Tuesday, 12 May 2015

Grey Doll's Criminal Reading Travels: Egypt, Italy and Ireland

I likes to read crime fiction and I likes to travel when I read.
(As opposed to reading when I travel. I don't really go anywhere except in my imagination, see.)

So I thought I'd point you to some of the books I have read recently... and to their reviews over on the Euro Crime site.

I enjoy the books of British Sudanese writer Parker Bilal. "The Burning Gates" is his latest novel featuring Cairo-based Sudanese exile and private eye, Makana. And it does not disappoint. Makana hits the privileged world of art collectors and Cairo society but soon ends up in a stew of murder, stolen art works, war criminals and mercenaries. What I love about Bilal's Makana is his wit, his cautious humanity, his rich and varied pool of friends and acquaintances... and his sheer survivor instinct. Makana is a man who does not wear his heart on his sleeve but it bleeds all the same. Read a full review of Parker Bilal's "The Burning Gates" here.

I have also travelled to Italy for Conor Fitzgerald's "Bitter Remedy". This is the fifth in his series featuring  Commissario Alec Blume of the Rome police. Blume has found himself out of his personal depth and enrols on a natural remedies course which maroons him in the Italian countryside, increasingly ill, but nevertheless drawn into the search for a missing Romanian girl. Alec Blume is a quirky protagonist... who requires some patience to understand... as most of his workmates and his long suffering partner would testify. But there is subtle wit to be found in his neurotic dealings. Read the full review here.

Finally I visit Northern Ireland and the second Celcius Daly novel of Anthony Quinn. "Border Angels" takes us into the territory of sex-trafficking, rural brothels in ruined farmhouses and shipping containers.
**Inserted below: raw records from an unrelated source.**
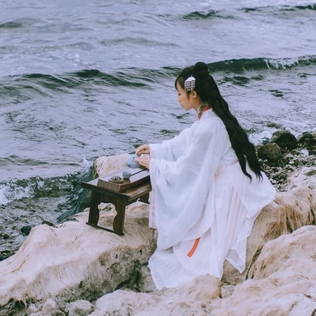 優(yōu)雅白衣女子頭像，唯美古風(fēng)女子真人頭像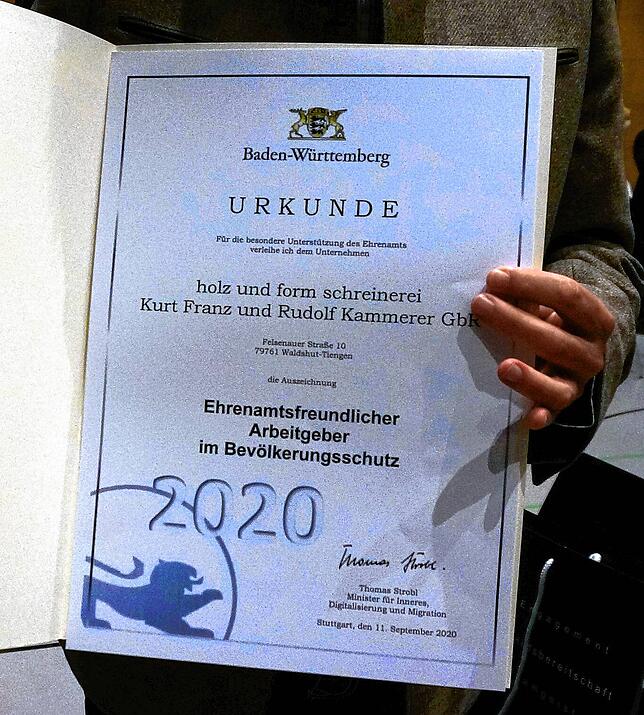 So sieht die Urkunde aus, die 22 Arbeitgeber überreicht bekommen haben.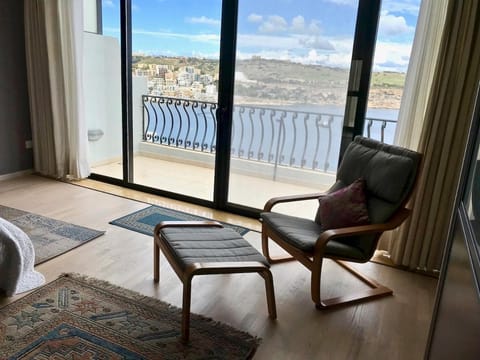 Penthouse in St Paul's Bay Malta with Views Apartment in Saint Paul's Bay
Daly is on the trail of a trafficked woman after the death of a pimp. The trail takes us, amongst other places, to a ruined half-finished housing development and a developer's vanity-project mansion, giving us a squint at Ireland after the crash. Quinn's settings are some distance from the gritty streets of Belfast but his eery, rural landscapes of mists and thorn hedges are unforgettable. The full review is here.

And I'm staying in Northern Ireland for a while with Stuart Neville's sixth novel, due out in June - "Those We Left Behind". It's a brilliant, chilling story. I'll let you know more later.